Feast yer eyes ya purists, posers and hosers! From Sea to Shining Sea. Made in America and available for the modest sum of $19.08usd! Haters are gonna hate, but wait a second!
The KA-BAR Sweet Move is the weirdest name for a slingshot that I have ever heard. However, the person that helped KA-BAR put this design together knows more than a little about the sport.
Out of the box the frame fits all the grips but isn’t necessarily comfortable. You can see here I wrapped mine with camo-tape for added grip and comfort. Then I wrapped the handle with paracord that has a fire-starter cordage woven inside (more on that later).
I’ve taken 6 shots with 3/8” steel. 2 in TTF, 2 in OTT, and 2 shots with the looped tubes in OTT. It works. My target was a tree at 40’ that is about 12” wide. I use this tree frequently to check my setups before I set my targets for a range day.
I’m gonna bag this frame and add it to my bugout Kit. No, not my REAL bugout bag, my jerk around bugout bag! That bag has a small folding chair, a Spetanaz Throwing Shovel, a couple of Boomerangs, a couple of kites, a throwing knife, my Natty harvesting kit, a pipe, and now my KA-BAR Sweet Move with a bag of marbles!
I am not going to close this review telling you that you must add this frame to your collection. However I’m not convinced this is a throw away frame! I would say that if you had to pick between a Chinese Made frame and this one, I would take this one.


----------



## Sandstorm (Apr 5, 2021)

🤔


----------



## Slingshot28 (Feb 15, 2021)

Do I want it yes do I need it, I'll have to buy it and find out.


----------



## Portboy (Nov 17, 2021)

Haha well after a Mo tape job it has to be awesome 👏 if I seen it hanging at cabellas I would grab it just because


----------



## Rb1984 (Sep 25, 2020)

It doesn't look bad, and with that camo tape it looks pretty good.

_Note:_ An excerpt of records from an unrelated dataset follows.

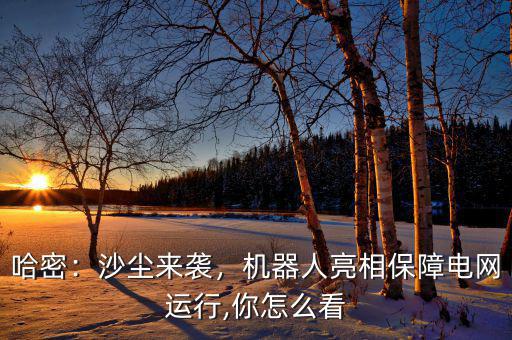 哈密：沙塵來襲，機器人亮相保障電網(wǎng)運行,你怎么看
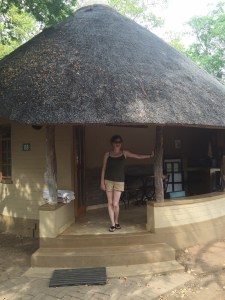 You will notice that the fridge has a cage over it - this is to stop monkeys stealing things out of the fridge... Bad luck Clyde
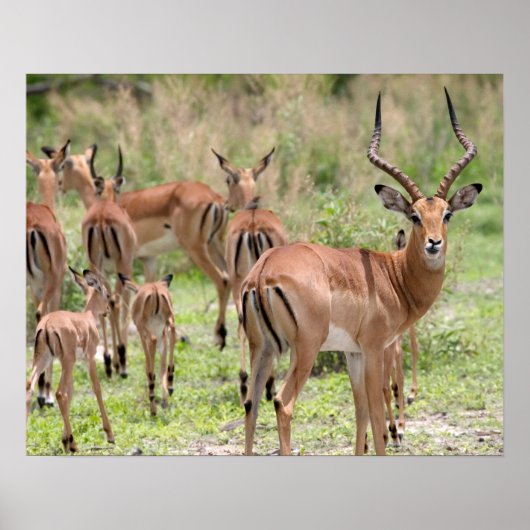 Impala in de Okavango-delta Poster (Voorkant)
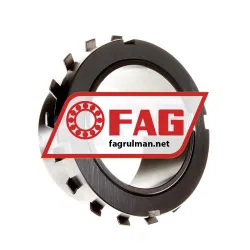 FAG H220X308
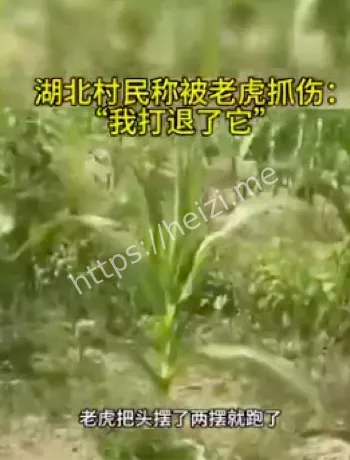 老虎伤人事件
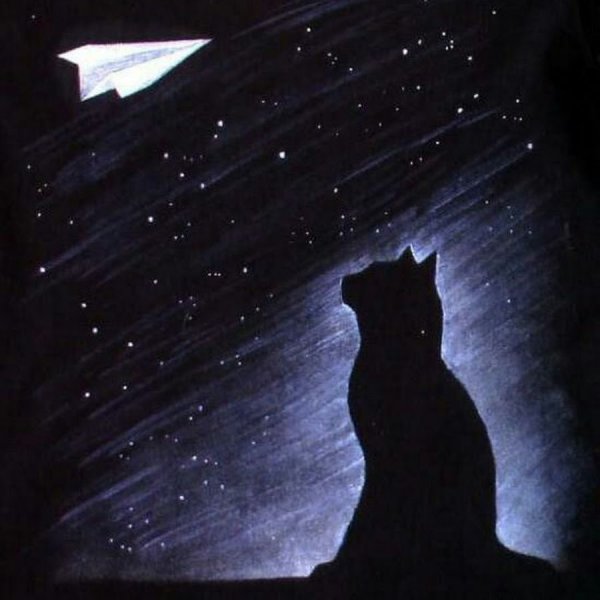 Одинокий кот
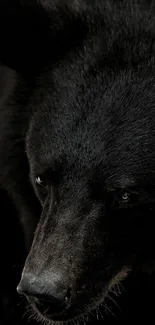 Close-up of a majestic black bear with detailed fur texture.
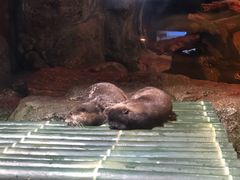-暹罗海洋世界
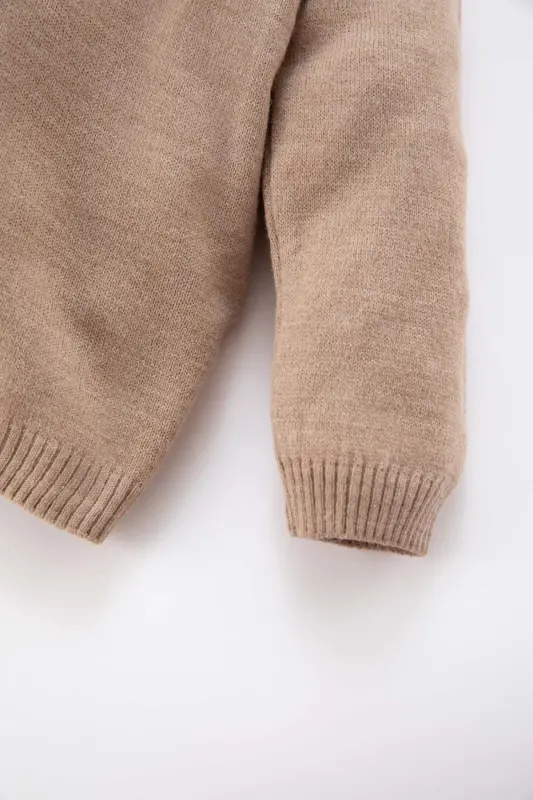 Baby Boy Regular Fit Sweater - Beige-BG187 - 3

I think I would also choose it before aliexpress frames.


----------



## Blowhard79 (Jan 13, 2021)

I got one here a while back. It does everything a slingshot should do. Just put new bands on it first.


----------



## skarrd (Jul 20, 2011)

not a bad looking tape job,excellent review also,not my type of frame but it looks like it would be formidable @MOJAVE MO


----------



## hoggy (Apr 17, 2017)

great review brofiger mo.


----------



## mattwalt (Jan 5, 2017)

Hey Mo - those as bulky as they look?


----------



## MOJAVE MO (Apr 11, 2018)

Not so much bulky as large. In my hand it is exactly the same width as the PP TopShot. The extra fork length plays with your head until it’s banded and you are pulling. The profile above the handle is thin, the handle itself seems to be that one-size-fits most that KA-BAR uses for all over their poly-grade handles.


----------



## mattwalt (Jan 5, 2017)

Thanks Mo - I was a little intrigued when I first saw these advertised. Can get one shipped for like 20 USD. And for the novelty of Ka-Bar


----------